Indent code in a way that is readable:
- Start let statement queries on a new line indented
- Each pipe should be placed on a new line with the same indentation as the previous line except for pipes that are part of join queries, which should be indented from the left side query
- For project/extend commands with many fields, consider placing each field on its own indented line
Place semi-colons on new lines
For functions, place commented out parameter values as let statements at top of query with documentation
Style guidelines example:.create-or-alter function with (docstring = "Best practices for kusto queries", folder = "Style")

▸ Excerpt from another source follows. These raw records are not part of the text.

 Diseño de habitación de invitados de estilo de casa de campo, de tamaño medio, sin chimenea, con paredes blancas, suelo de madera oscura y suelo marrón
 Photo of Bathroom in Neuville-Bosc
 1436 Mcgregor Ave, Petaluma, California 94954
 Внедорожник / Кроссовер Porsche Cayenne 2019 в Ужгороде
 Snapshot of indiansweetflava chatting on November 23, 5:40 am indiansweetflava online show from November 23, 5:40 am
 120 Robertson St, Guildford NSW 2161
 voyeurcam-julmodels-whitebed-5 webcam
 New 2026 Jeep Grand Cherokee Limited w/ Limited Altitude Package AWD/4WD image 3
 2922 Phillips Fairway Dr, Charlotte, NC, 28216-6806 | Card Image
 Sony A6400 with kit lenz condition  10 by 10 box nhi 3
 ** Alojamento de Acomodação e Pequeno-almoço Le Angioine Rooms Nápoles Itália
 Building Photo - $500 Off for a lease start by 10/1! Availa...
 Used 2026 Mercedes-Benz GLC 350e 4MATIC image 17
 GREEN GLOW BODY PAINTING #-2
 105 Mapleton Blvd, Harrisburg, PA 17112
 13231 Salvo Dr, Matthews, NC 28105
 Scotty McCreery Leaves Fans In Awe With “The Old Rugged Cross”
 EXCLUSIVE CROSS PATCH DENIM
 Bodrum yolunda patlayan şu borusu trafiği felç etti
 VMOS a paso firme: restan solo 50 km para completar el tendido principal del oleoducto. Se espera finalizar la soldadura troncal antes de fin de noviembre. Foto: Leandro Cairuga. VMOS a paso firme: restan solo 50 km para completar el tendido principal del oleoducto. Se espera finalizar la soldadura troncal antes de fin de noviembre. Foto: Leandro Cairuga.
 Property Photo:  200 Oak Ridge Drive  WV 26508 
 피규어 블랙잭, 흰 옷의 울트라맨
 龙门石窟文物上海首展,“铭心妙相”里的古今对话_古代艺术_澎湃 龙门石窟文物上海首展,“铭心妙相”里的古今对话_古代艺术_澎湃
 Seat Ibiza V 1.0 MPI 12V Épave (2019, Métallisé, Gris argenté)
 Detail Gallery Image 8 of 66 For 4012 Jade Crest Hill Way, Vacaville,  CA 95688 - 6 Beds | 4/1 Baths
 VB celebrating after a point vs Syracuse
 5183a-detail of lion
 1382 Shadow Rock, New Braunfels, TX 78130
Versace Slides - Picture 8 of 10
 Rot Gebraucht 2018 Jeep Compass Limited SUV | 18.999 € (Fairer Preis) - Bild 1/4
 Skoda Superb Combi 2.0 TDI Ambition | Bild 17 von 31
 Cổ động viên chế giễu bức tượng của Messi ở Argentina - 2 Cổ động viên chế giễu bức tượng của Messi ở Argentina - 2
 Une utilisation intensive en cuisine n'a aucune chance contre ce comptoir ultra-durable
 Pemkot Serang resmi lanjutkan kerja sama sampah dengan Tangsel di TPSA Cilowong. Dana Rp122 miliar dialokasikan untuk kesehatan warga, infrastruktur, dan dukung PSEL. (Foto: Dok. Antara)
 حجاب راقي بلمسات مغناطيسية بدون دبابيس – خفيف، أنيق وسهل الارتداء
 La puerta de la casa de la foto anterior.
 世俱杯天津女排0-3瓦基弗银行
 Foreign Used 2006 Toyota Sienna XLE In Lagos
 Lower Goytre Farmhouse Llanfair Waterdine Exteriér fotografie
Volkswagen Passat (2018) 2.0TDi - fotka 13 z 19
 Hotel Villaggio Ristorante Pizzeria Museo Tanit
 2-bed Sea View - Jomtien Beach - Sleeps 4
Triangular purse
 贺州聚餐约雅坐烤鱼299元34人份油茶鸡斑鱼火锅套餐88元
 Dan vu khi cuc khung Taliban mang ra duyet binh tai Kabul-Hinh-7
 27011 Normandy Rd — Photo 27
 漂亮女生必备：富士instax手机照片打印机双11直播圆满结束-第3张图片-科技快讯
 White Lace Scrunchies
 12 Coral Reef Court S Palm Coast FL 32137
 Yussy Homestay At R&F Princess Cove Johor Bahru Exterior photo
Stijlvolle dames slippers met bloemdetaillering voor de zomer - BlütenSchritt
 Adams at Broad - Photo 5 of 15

['MyFunction'](paramScanStartUTC:datetime, paramScanEndUTC:datetime){
// The start time of the events we'd like to gather
// let paramStartTime=ago(20m);
//
// The end time of the events we'd like to gather
// let paramEndTime=ago(10m);
let Query1 =
// It's nice for readability to always start queries on their own line, instead of
// part of the 'let' line so that subsequent let statements have all the query text line up
cluster('my-cluster').database('my-database').Table
| where * contains ""
// Semi-colon should be place on its own line to help space let statements apart, but maintain
// all the query code in the same text block for easy f5 execution
;
let Query2 =
cluster('my-cluster').database('my-database').Table2
| where * contains ""
| join kind= leftouter (
// join queries should be indented relative to the outer query
cluster('my-cluster').database('my-database').Table3
| project Key1, Value1
) on Key1
;
Query1
| union Query2
}
- Both the Kusto Explorer desktop tool and the web interface, have convenient ways to share queries. In the desktop client, look for the "Query to Clipboard" and in the web UI, it's under "Share". These buttons put HTML strings in your clipboard that contain nice code highlighting and links to open the query in various environments.
Keep calm and Kusto on!